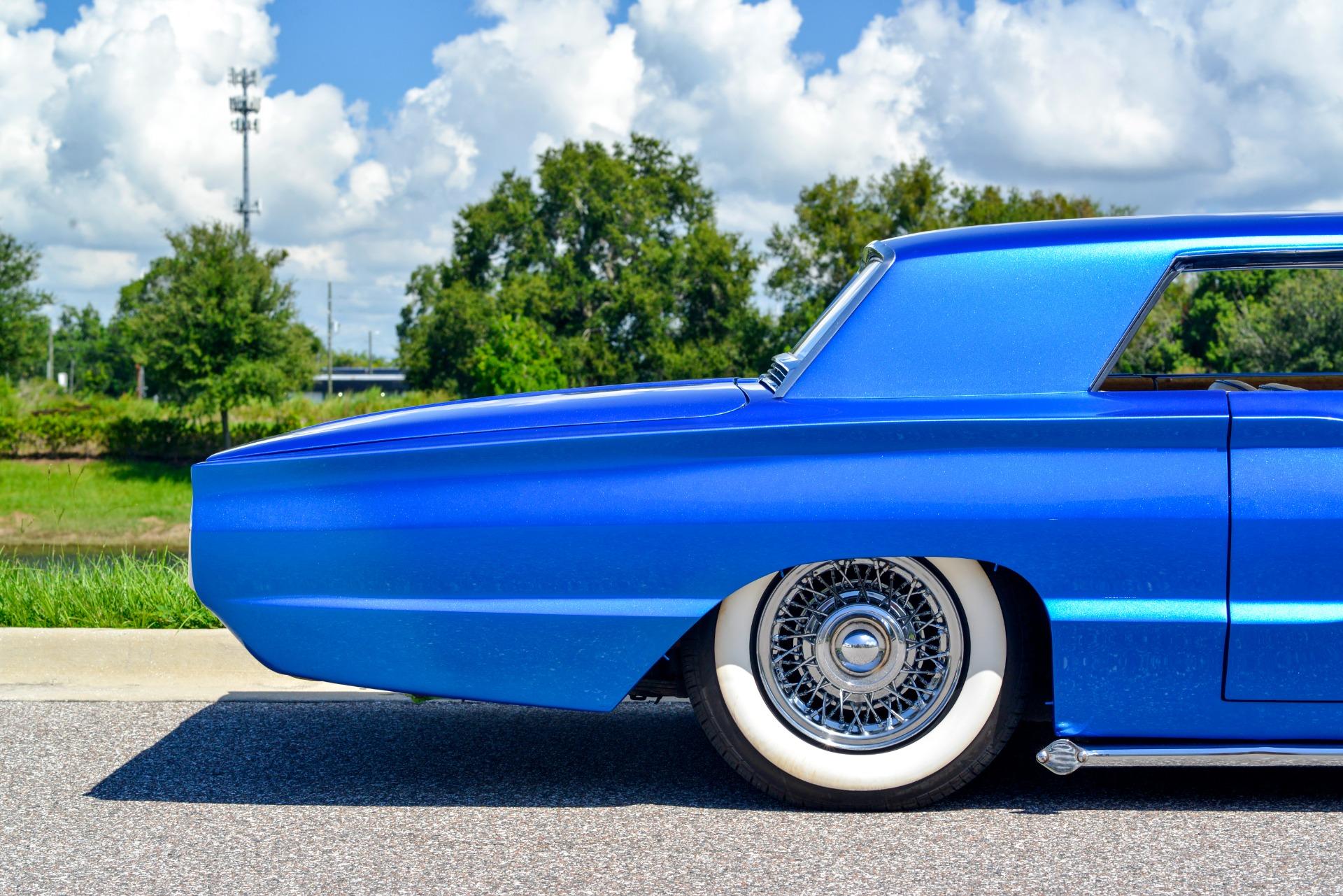 1965 Ford Thunderbird 42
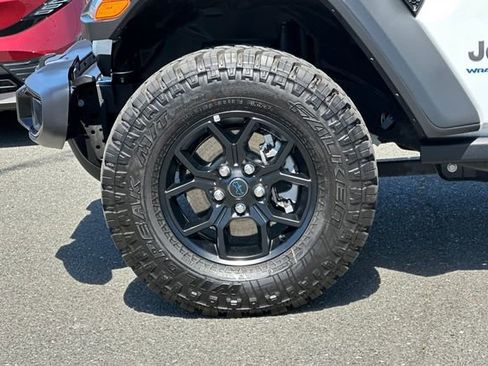 Used 2025 Jeep Wrangler Unlimited Sport S 4xe AWD/4WD image 31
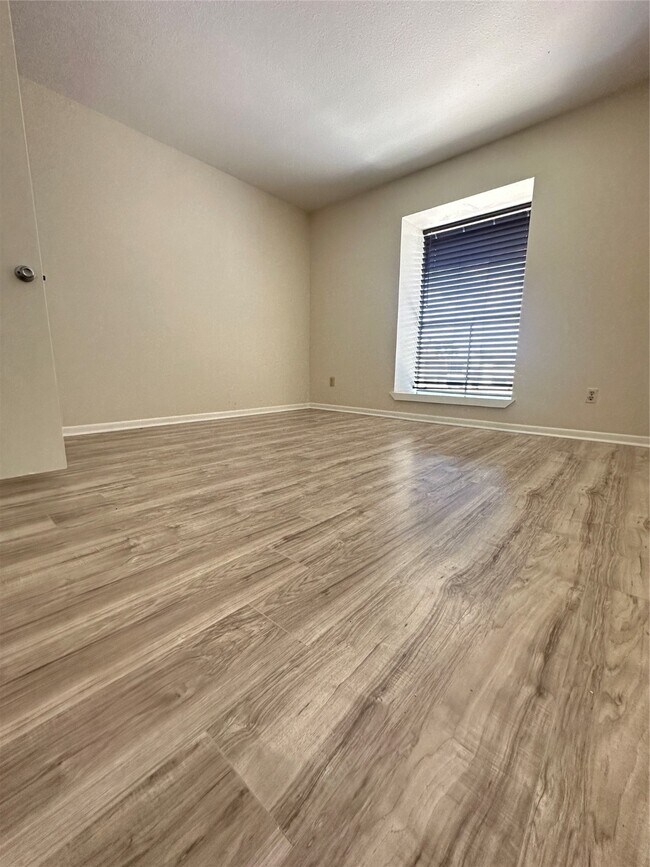 Building Photo - 8421 Hearth Dr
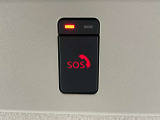 <SOSコール>事故や急病時などに、ボタンひとつで専門のオペレーターに接続。警察や消防への連携をサポートします。別途申込が必要です。
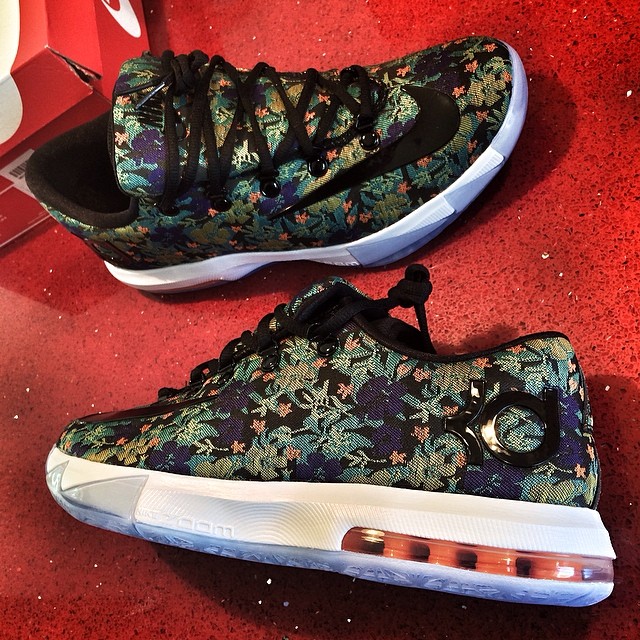 DJ Skee Picks Up Nike KD VI 6 Floral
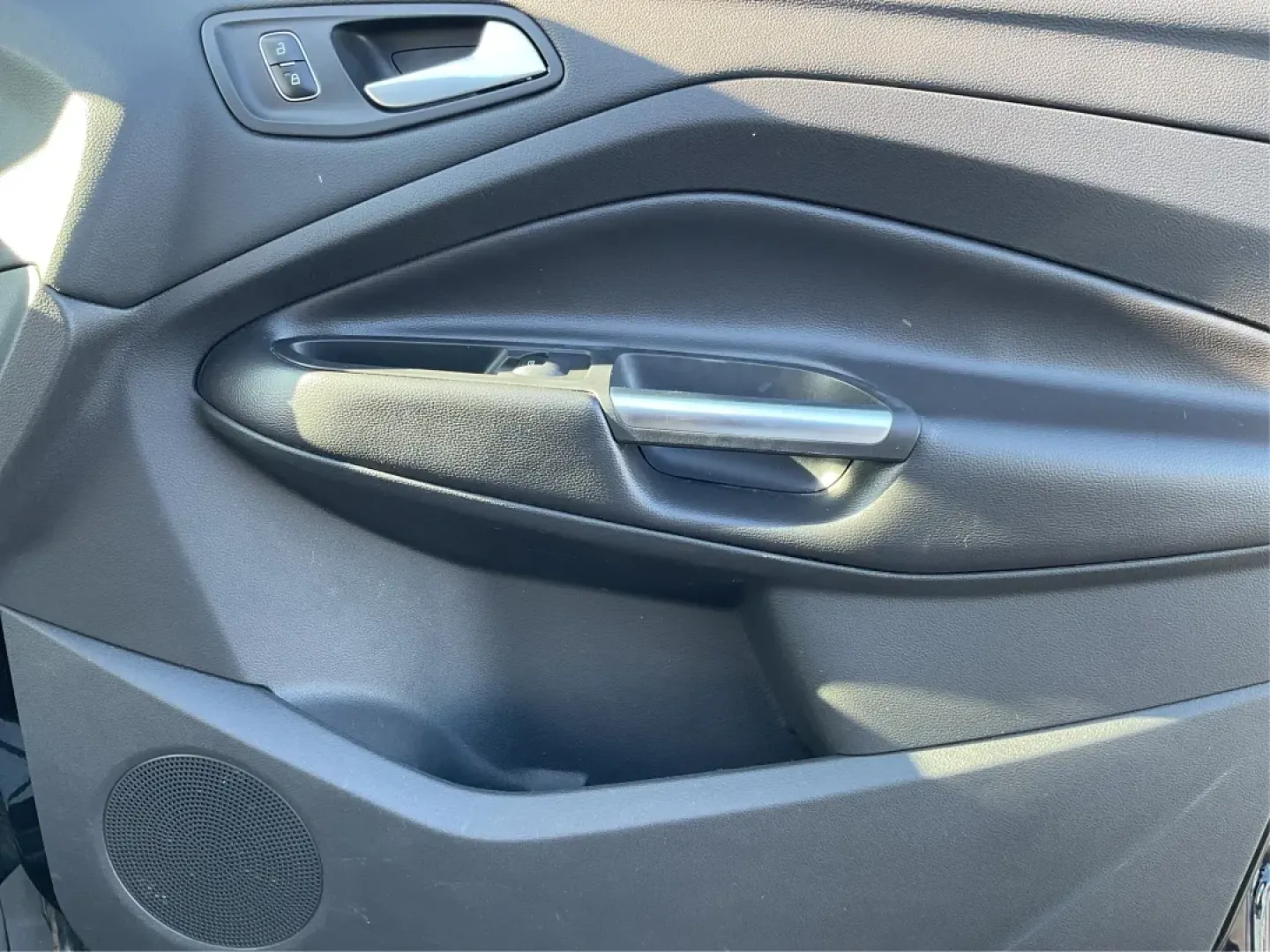 2017 Ford Escape SE 4WD (1FMCU9G93HU) with an 2.0L L4 DOHC 16V engine, 6-Speed Automatic transmission, located at 1184 Kauffman Ave, Fairborn, OH, 45324, (937) 908-9800, 39.807072, -84.030914 - **Adventure Awaits with the 2017 Ford Escape SE 4WD Your Ideal Family SUV!**<br /> <br /> Are you ready to elevate your driving experience? The 2017 Ford Escape SE 4WD is not just a vehicle; it's a lifestyle companion designed for growing families and adventure seekers alike. Whether you're tacklin - Photo#18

### [What the task requires]
Exact transcription of the full listing above is required; images do not belong in it.

### [Output of the task]
 1965 Ford Thunderbird 42
 Used 2025 Jeep Wrangler Unlimited Sport S 4xe AWD/4WD image 31
 Building Photo - 8421 Hearth Dr
 <SOSコール>事故や急病時などに、ボタンひとつで専門のオペレーターに接続。警察や消防への連携をサポートします。別途申込が必要です。
 DJ Skee Picks Up Nike KD VI 6 Floral
 2017 Ford Escape SE 4WD (1FMCU9G93HU) with an 2.0L L4 DOHC 16V engine, 6-Speed Automatic transmission, located at 1184 Kauffman Ave, Fairborn, OH, 45324, (937) 908-9800, 39.807072, -84.030914 - **Adventure Awaits with the 2017 Ford Escape SE 4WD Your Ideal Family SUV!**<br /> <br /> Are you ready to elevate your driving experience? The 2017 Ford Escape SE 4WD is not just a vehicle; it's a lifestyle companion designed for growing families and adventure seekers alike. Whether you're tacklin - Photo#18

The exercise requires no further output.